- What is needed
Take the records below and set down exactly the lines from the one with "Hello and welcome." to the one with "What's going on", ends included; do not copy the pictures.
##### Data listing #####
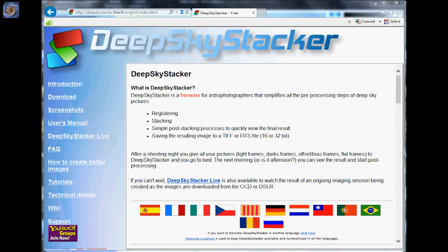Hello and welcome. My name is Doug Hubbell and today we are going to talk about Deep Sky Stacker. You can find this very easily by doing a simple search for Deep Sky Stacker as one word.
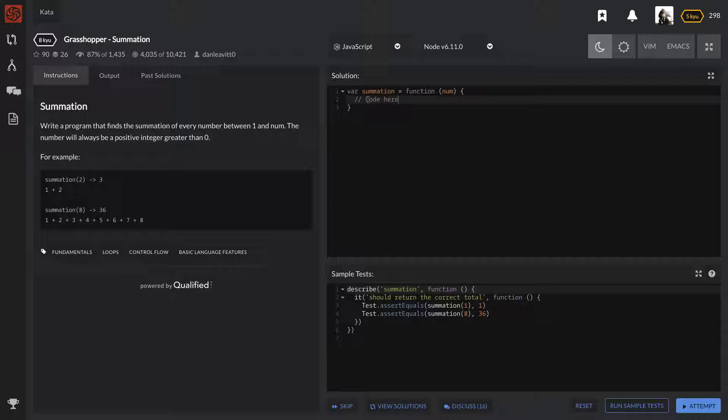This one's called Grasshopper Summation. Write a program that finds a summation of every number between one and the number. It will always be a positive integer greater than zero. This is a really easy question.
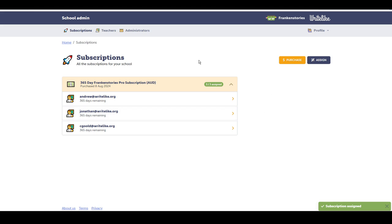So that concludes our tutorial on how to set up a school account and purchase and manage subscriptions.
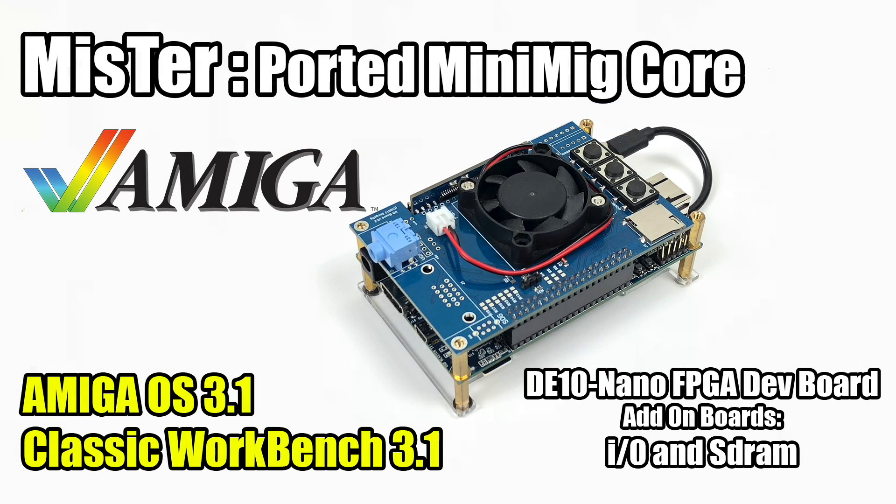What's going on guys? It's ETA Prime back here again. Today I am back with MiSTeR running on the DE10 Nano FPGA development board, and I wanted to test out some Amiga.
#####
##### Data listing #####
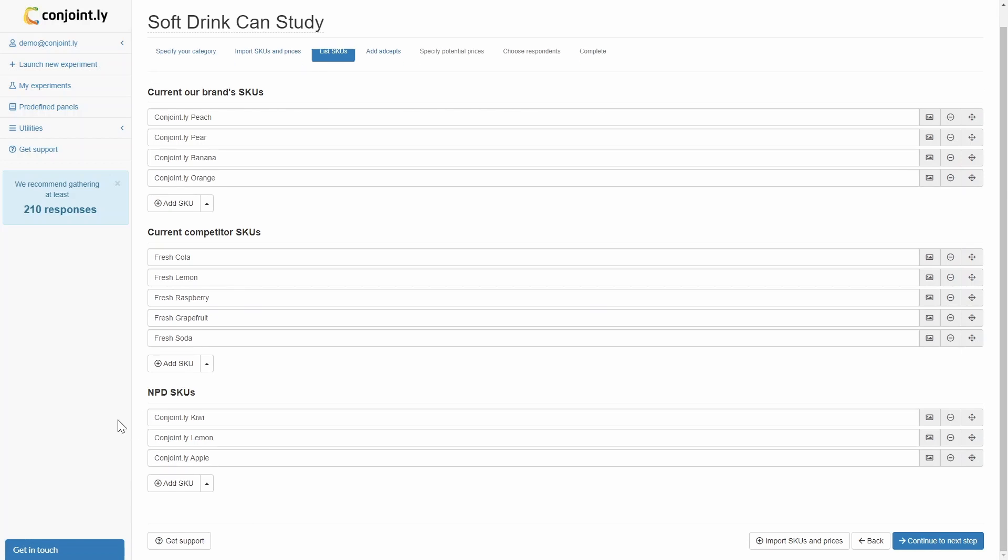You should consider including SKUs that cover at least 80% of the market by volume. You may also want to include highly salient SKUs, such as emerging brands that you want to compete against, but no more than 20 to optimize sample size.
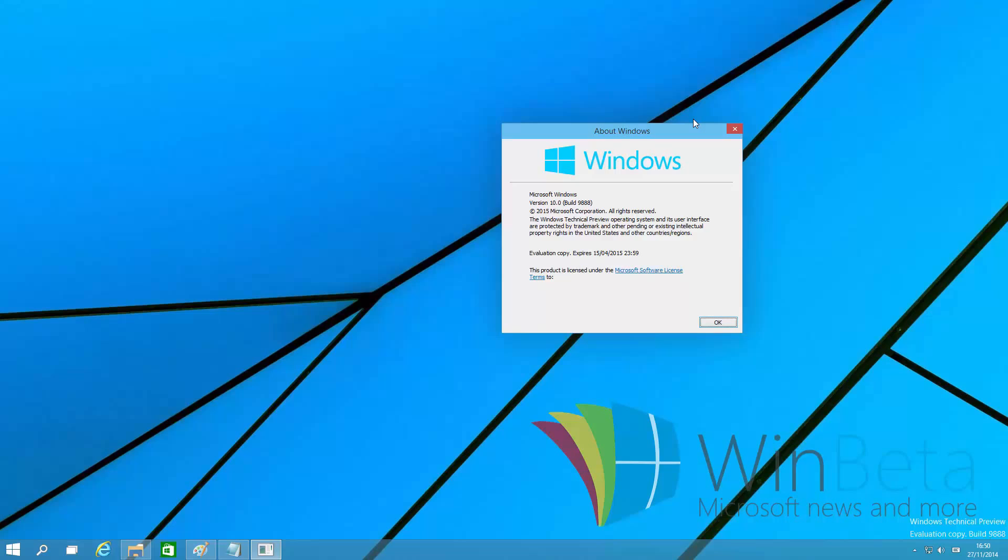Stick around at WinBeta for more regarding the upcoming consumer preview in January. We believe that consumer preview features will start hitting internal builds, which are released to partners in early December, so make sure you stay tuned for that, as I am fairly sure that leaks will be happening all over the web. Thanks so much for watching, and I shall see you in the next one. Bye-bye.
#####
- Solution for this exercise
Hello and welcome. My name is Doug Hubbell and today we are going to talk about Deep Sky Stacker. You can find this very easily by doing a simple search for Deep Sky Stacker as one word.
This one's called Grasshopper Summation. Write a program that finds a summation of every number between one and the number. It will always be a positive integer greater than zero. This is a really easy question.
So that concludes our tutorial on how to set up a school account and purchase and manage subscriptions.
What's going on guys? It's ETA Prime back here again. Today I am back with MiSTeR running on the DE10 Nano FPGA development board, and I wanted to test out some Amiga.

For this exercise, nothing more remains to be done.